Data provided below:

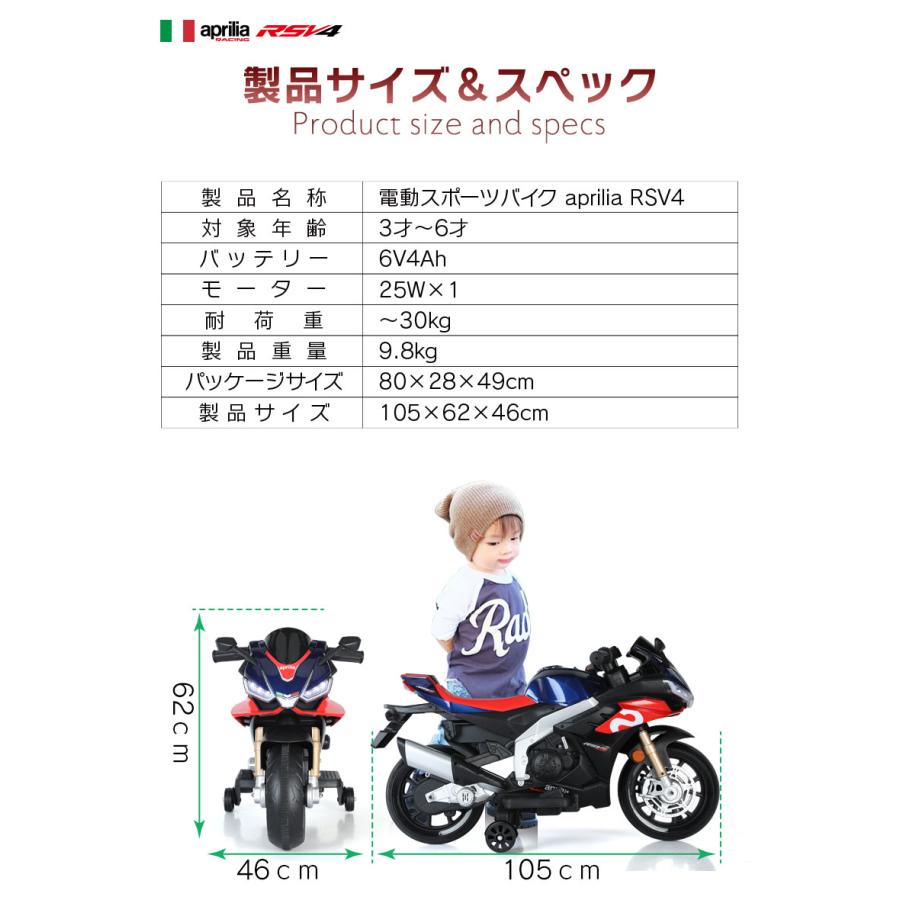 乗用玩具 電動乗用玩具 aprilia RSV4 アプリリア スポーツバイク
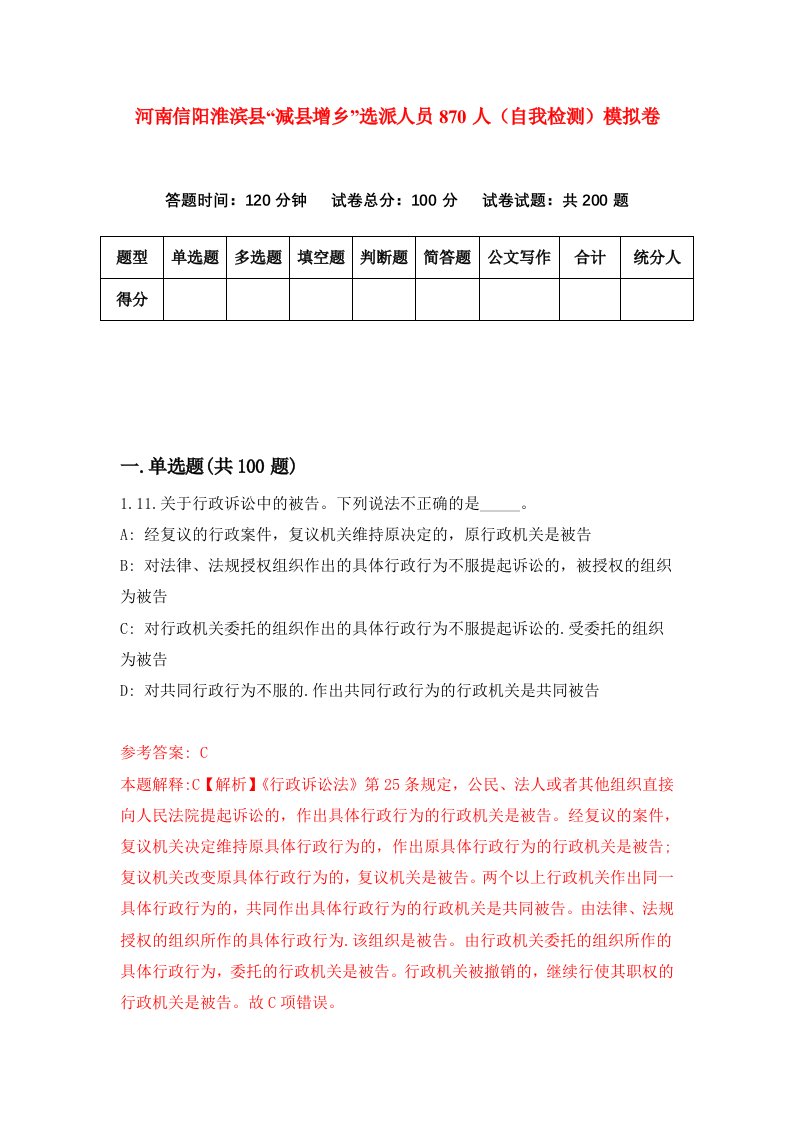 河南信阳淮滨县减县增乡选派人员870人自我检测模拟卷第7套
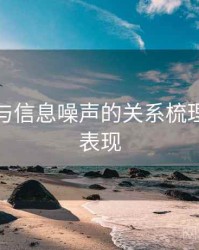 微密圈与信息噪声的关系梳理：常见表现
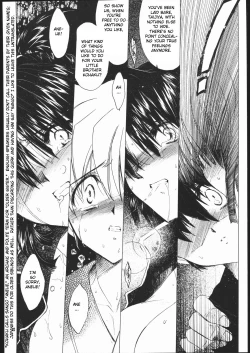 Page 21 of Muku no Chi o Nagasu Ude | HOW TO SHED THE BLOOD OF INNOCENCE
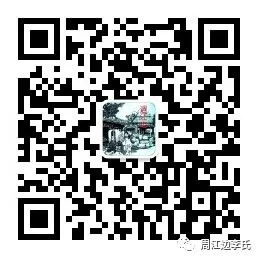 週江边李氏家族微信公众号二维码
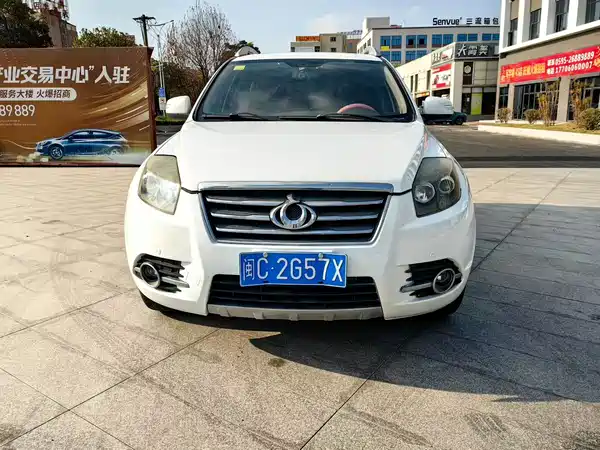 Geely GX7 2015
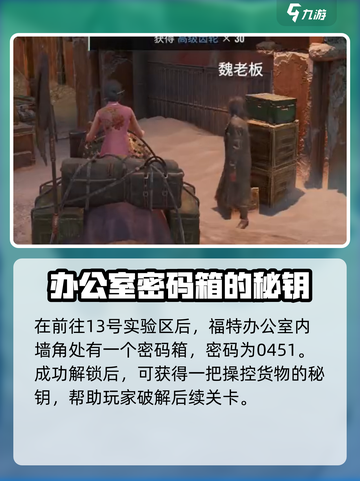 破碎之地🔥宝箱开启教程来了！快人一步获取宝藏👇截图3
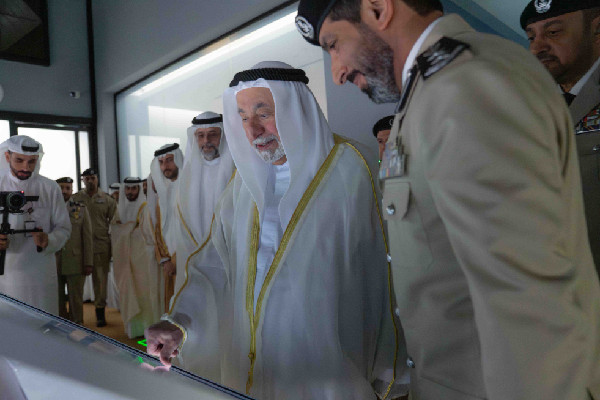Inauguration of Sharjah Police Command Building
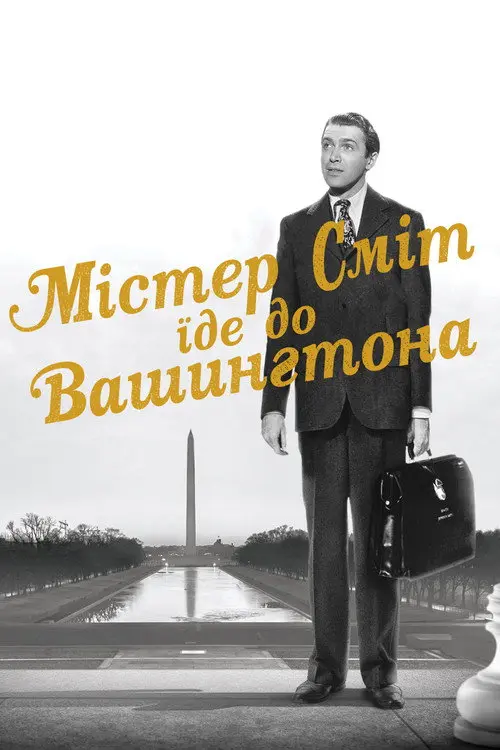Містер Сміт вирушає до Вашингтона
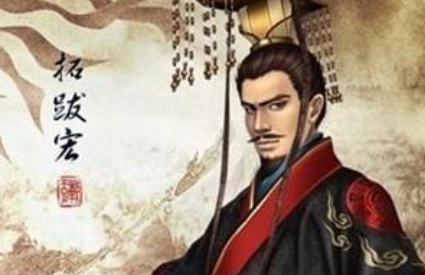 古代名人之改姓君主魏孝文帝，其对民族大融合有什么贡献？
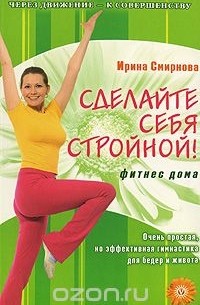  - Сделайте себя стройной! Фитнес дома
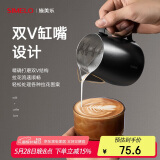 SIMELO施美乐咖啡杯拉花缸咖啡拉花杯304不锈钢奶泡杯350ML黑色旗舰版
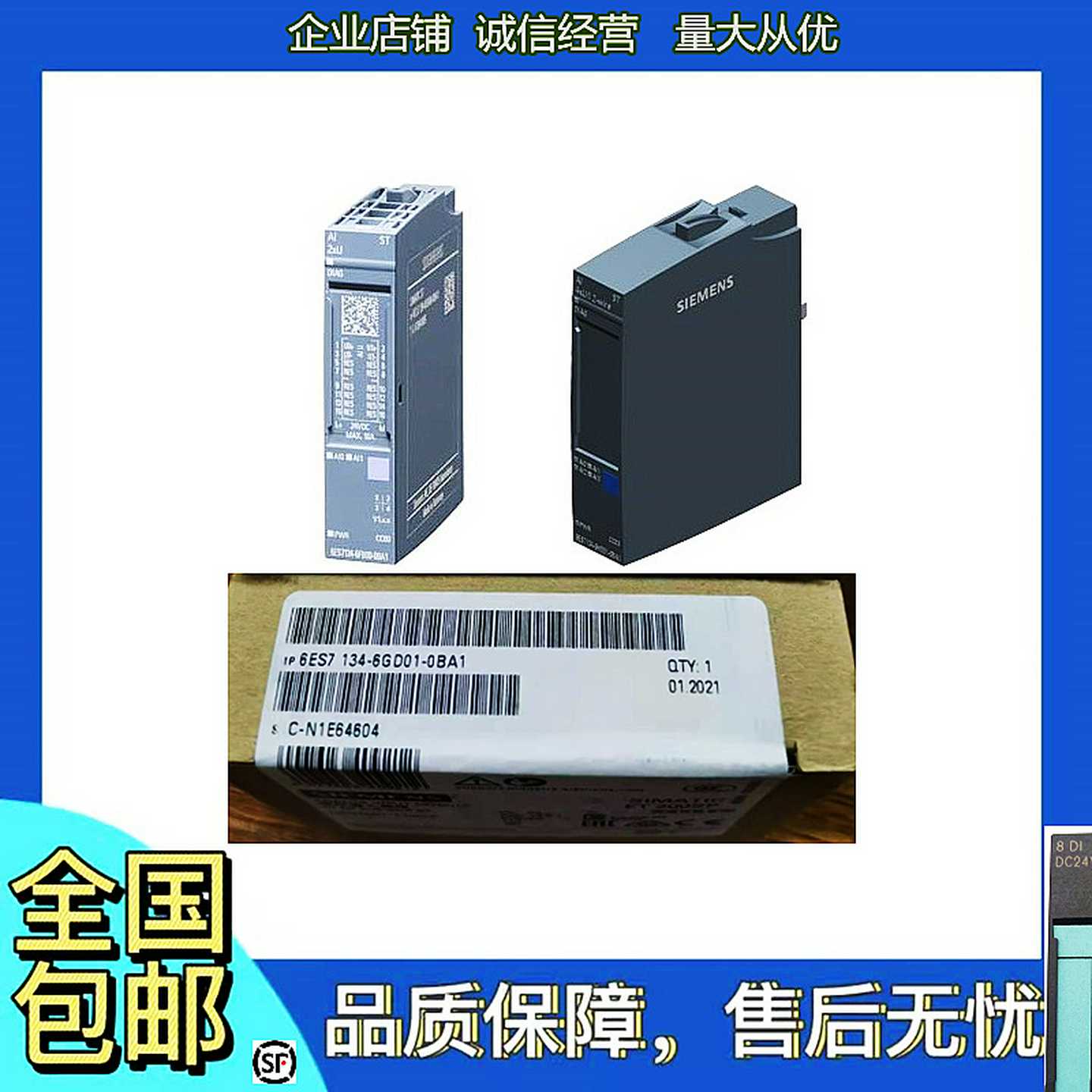 西门R子ET200SP数字模块6ES7132/7131-6BH01-6BF00-0DA0/0CA0/0BA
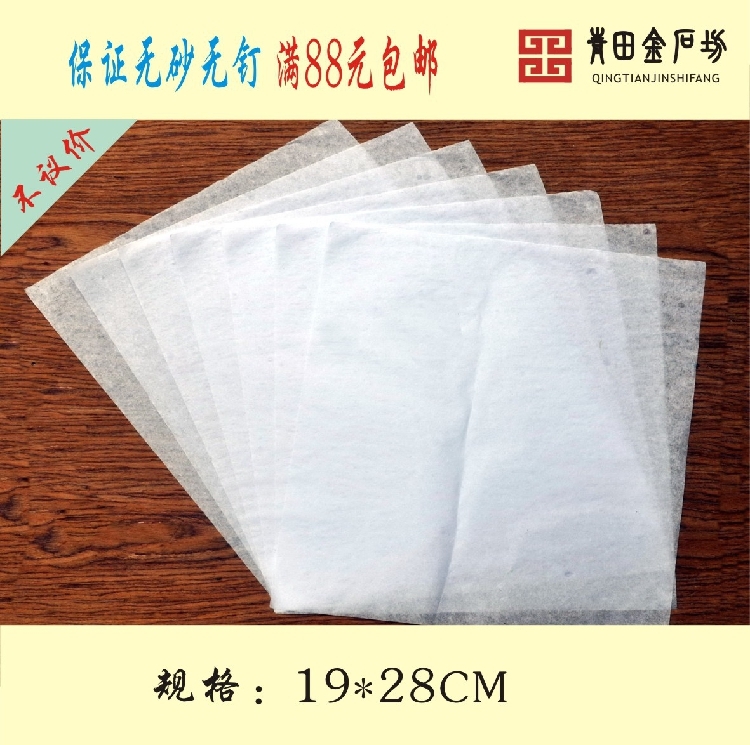 17 grams of seal carving copy paper Watermark stone seal carving copy paper Transparent paper Tuobian paper Seal carving supplies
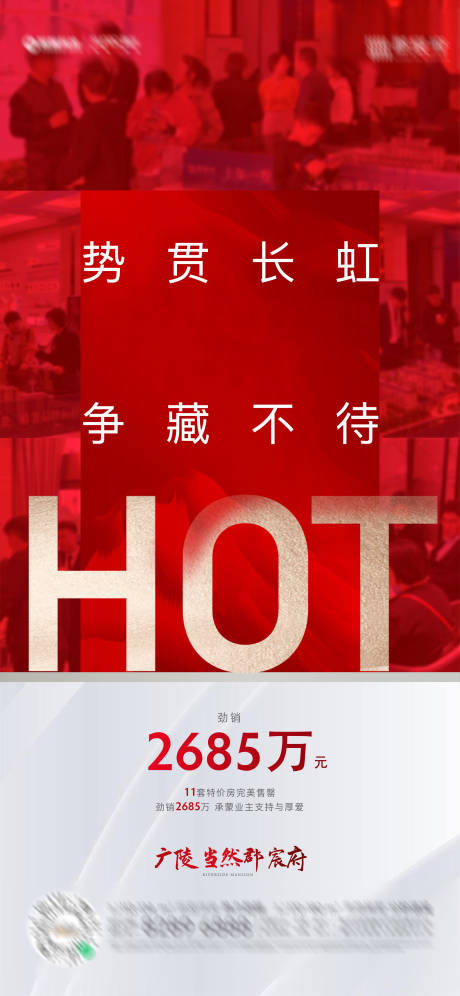 源文件下载【热销海报】编号：77630004454609610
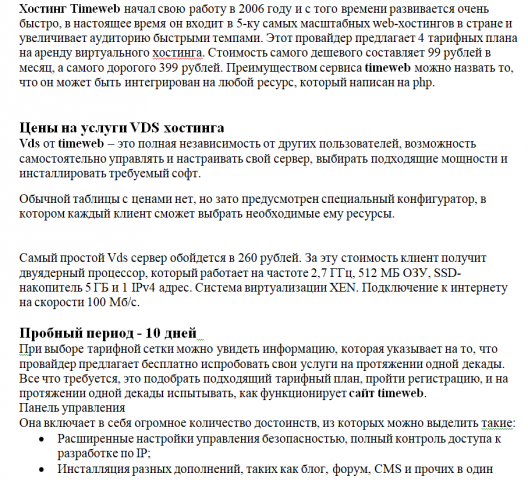 Обзор хостинга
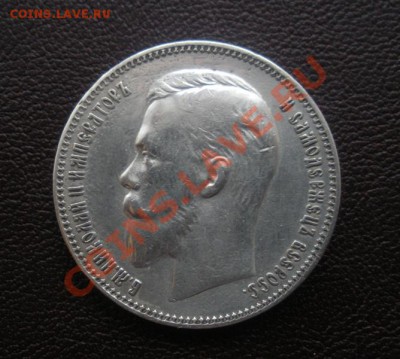1 Рубль 1907 год (ЭБ).  ( Не частый). - DSCN3561.JPG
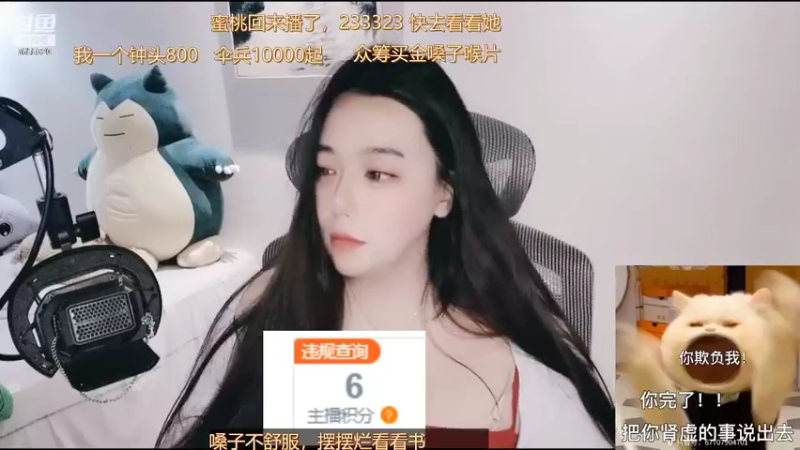 【2022-06-28 19点场】云樱花颜金步摇S：嗓子哑哑的，哑哑的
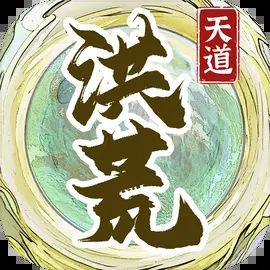 洪荒天道2主宰免广告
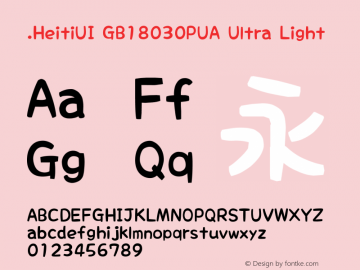 .HeitiUI GB18030PUA Ultra Light 图片样张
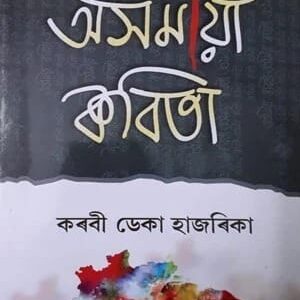 অসমীয়া কবিতা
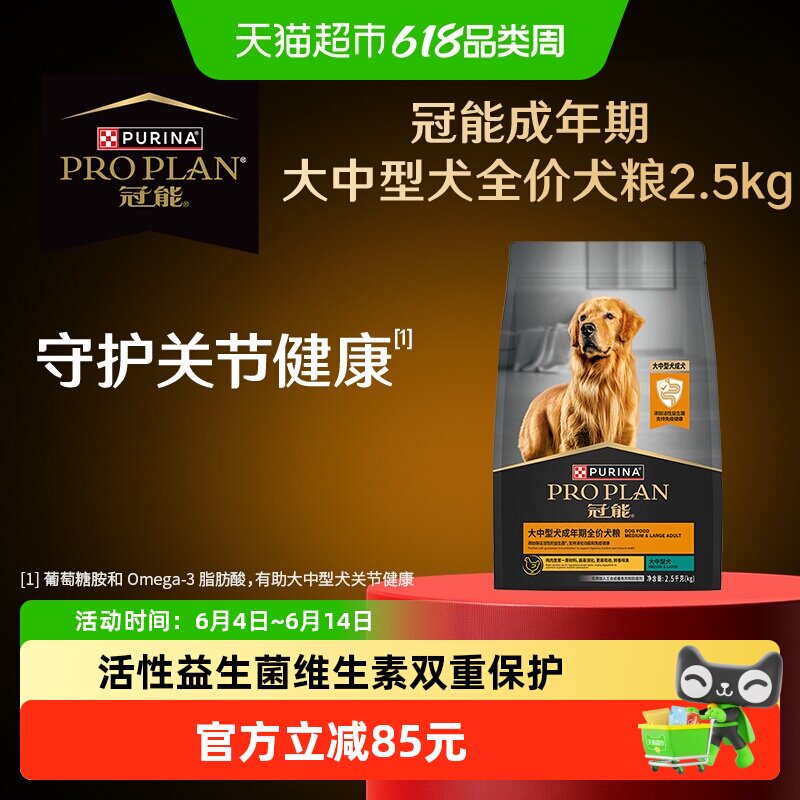 冠能狗粮大中型成犬粮金毛柴犬通用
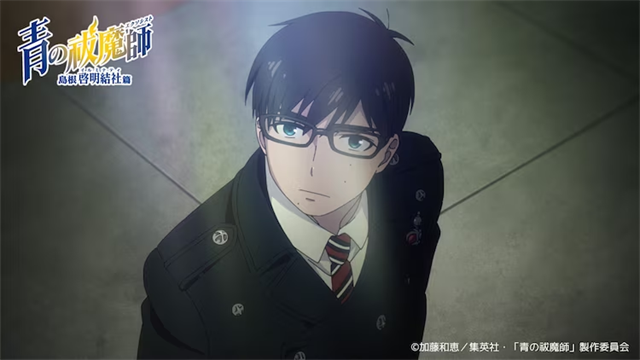 《青之驱魔师》新作《岛根启明结社篇》2024年开播，PV公布插图11爱奇漫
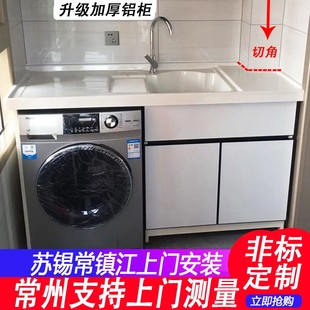 阳台洗衣柜组合防晒太空铝u滚筒洗衣机伴侣柜卫生间一体高低盆定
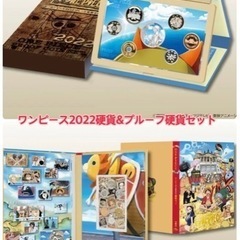 【セット売り】ワンピース2022硬貨&プルーフ硬貨セット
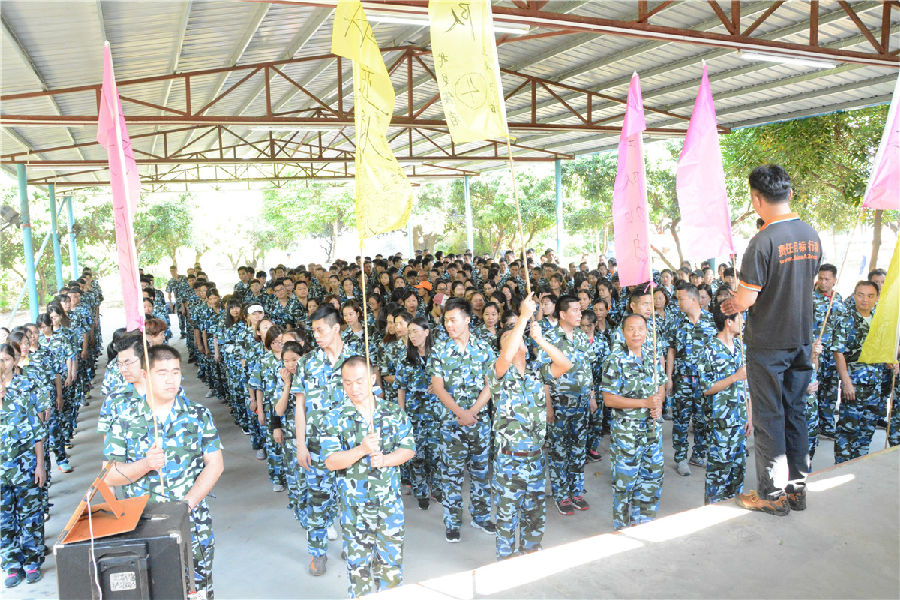 華奇密封件業(yè)務(wù)軍團(tuán)2017拓展訓(xùn)練：夢(mèng)想的力量！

End of Data provided.

Problem to solve: Would you please print only the lines running from the one with "1 Рубль 1907" to the final line of the entries above, exactly as written and without pictures?

Solution:
1 Рубль 1907 год (ЭБ).  ( Не частый). - DSCN3561.JPG
 【2022-06-28 19点场】云樱花颜金步摇S：嗓子哑哑的，哑哑的
 洪荒天道2主宰免广告
 .HeitiUI GB18030PUA Ultra Light 图片样张
 অসমীয়া কবিতা
 冠能狗粮大中型成犬粮金毛柴犬通用
 《青之驱魔师》新作《岛根启明结社篇》2024年开播，PV公布插图11爱奇漫
 阳台洗衣柜组合防晒太空铝u滚筒洗衣机伴侣柜卫生间一体高低盆定
 【セット売り】ワンピース2022硬貨&プルーフ硬貨セット
 華奇密封件業(yè)務(wù)軍團(tuán)2017拓展訓(xùn)練：夢(mèng)想的力量！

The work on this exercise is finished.